00:31:59.460 I also want to recommend additional reading material related to my talk. I highly recommend 'Demystifying Deep Neural Nets' by Rosie Campbell. It offers a great in-depth perspective on the technical aspects we touched on. Additionally, for those interested in a book, I suggest 'Python Machine Learning' by Sebastian Raschka. So, that wraps up my talk!

00:32:45.560 Now, let’s assess the probability of taco baby. It registers as 'other,' potentially resembling a person with about 30% certainty—I’m not entirely sure. As for the question about how many images Cookpad classifies daily, I don’t have that exact number, but it is quite a few. When we classify text, we deal primarily with Arabic-speaking countries, as that has posed our most significant challenges, leading to a lot of Arabic text examples with different fonts and overlays.

00:33:52.130 As for the Google Cloud Vision API, I have not personally used it. I’m not on the machine learning team, so my exposure has been limited to trickle-down information. However, I’m becoming more intrigued by Python as I explore avenues to learn more about machine learning. That being said, if there's a desire to implement something similar in Ruby, it will require the community to take action, collaborating on getting TensorFlow.rb compiling on all systems.

00:34:56.410 The main developer primarily uses Linux, which means it's not being designed with OSX support in mind.
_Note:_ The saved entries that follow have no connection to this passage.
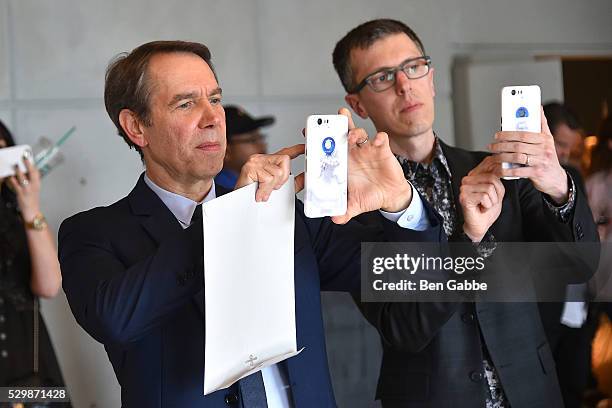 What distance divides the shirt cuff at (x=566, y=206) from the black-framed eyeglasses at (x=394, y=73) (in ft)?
1.18

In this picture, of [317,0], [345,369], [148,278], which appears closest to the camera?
[148,278]

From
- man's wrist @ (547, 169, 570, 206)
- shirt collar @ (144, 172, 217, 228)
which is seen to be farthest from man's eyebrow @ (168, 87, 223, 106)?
man's wrist @ (547, 169, 570, 206)

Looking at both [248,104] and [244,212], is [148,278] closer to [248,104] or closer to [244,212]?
[244,212]

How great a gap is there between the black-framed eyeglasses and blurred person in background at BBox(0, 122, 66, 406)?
2.44 ft

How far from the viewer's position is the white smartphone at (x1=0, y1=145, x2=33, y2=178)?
186cm

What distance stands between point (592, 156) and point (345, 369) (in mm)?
782

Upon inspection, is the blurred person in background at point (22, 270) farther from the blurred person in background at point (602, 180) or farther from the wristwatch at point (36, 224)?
the blurred person in background at point (602, 180)

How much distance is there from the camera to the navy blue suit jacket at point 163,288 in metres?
1.21

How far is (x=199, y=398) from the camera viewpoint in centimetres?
127

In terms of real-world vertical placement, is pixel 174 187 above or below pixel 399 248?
above

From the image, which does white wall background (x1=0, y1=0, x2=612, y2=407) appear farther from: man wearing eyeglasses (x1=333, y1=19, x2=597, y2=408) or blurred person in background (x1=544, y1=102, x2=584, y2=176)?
man wearing eyeglasses (x1=333, y1=19, x2=597, y2=408)

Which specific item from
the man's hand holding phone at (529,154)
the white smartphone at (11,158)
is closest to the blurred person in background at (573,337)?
the man's hand holding phone at (529,154)

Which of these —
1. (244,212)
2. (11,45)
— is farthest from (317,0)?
(244,212)

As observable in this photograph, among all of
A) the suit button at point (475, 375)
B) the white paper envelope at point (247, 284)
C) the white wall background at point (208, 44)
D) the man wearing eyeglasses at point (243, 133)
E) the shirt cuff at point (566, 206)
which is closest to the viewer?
the white paper envelope at point (247, 284) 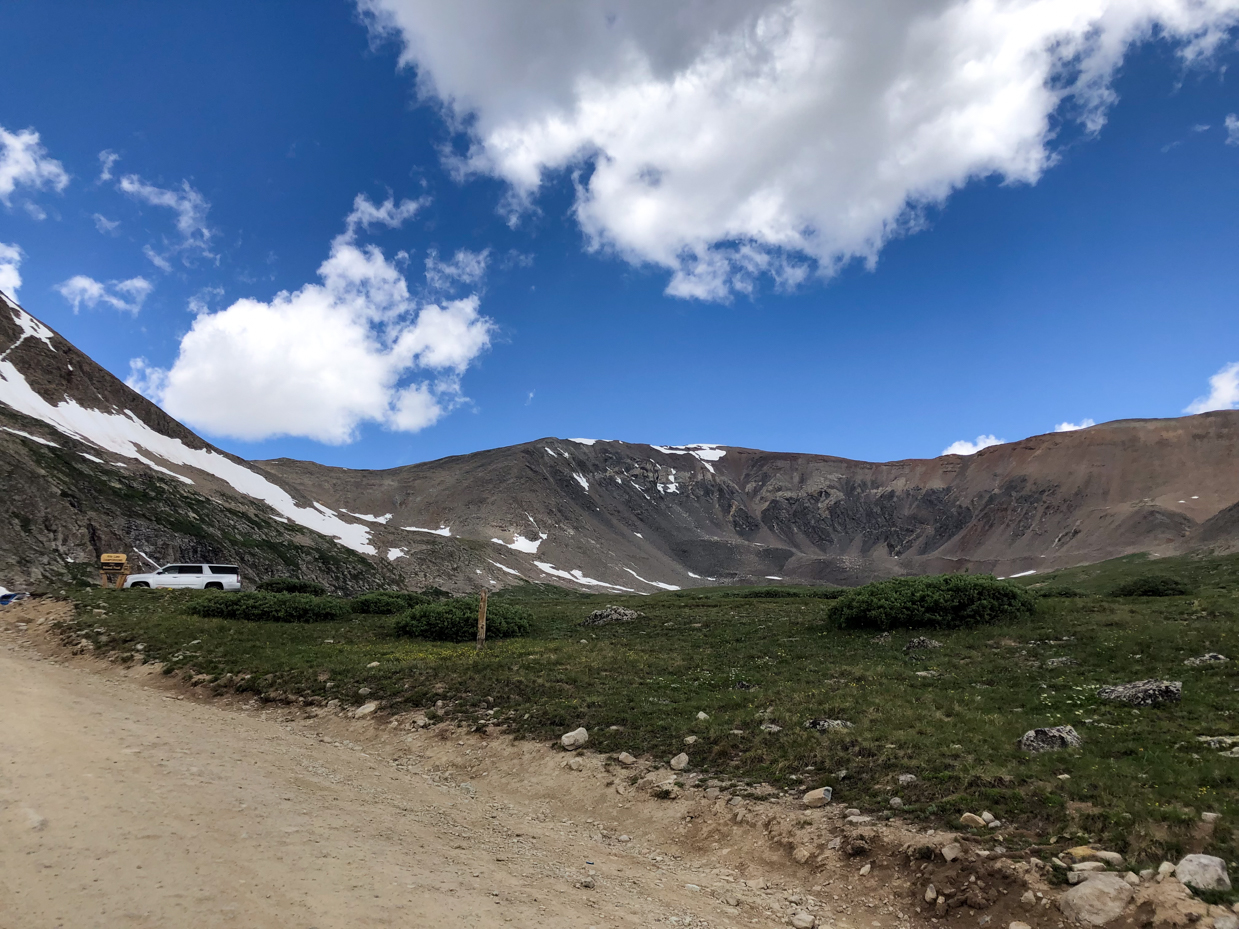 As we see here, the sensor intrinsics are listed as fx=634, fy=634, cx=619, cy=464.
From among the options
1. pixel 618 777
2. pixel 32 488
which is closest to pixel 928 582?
pixel 618 777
The community's involvement in understanding TensorFlow, C++ coding, and Ruby extensions would be vital in making this a reality. Regarding image classification performance, it generally doesn't take too long per image. Even with extensive training data, classification occurs relatively quickly.

00:35:12.840 Conducting this process asynchronously would be advisable, as it allows for much smoother operations. Now, as you collect images, it's essential to recognize that there's no exact number of images to meet your needs—it's an imperfect science. Therefore, you should aim to gather as many images as you can, while also ensuring that you have balanced data of both food and non-food items.

00:35:30.060 As you notice shortcomings in your classification, such as wanting it to identify certain items but failing, getting more examples relevant to that case is crucial. Once you have your system stable, it’s not often necessary to retrain. If a significant issue arises, or if a new form of user abuse is identified, then you can revisit training with additional data to handle those problems effectively.

00:35:58.800 I appreciate your time, everyone!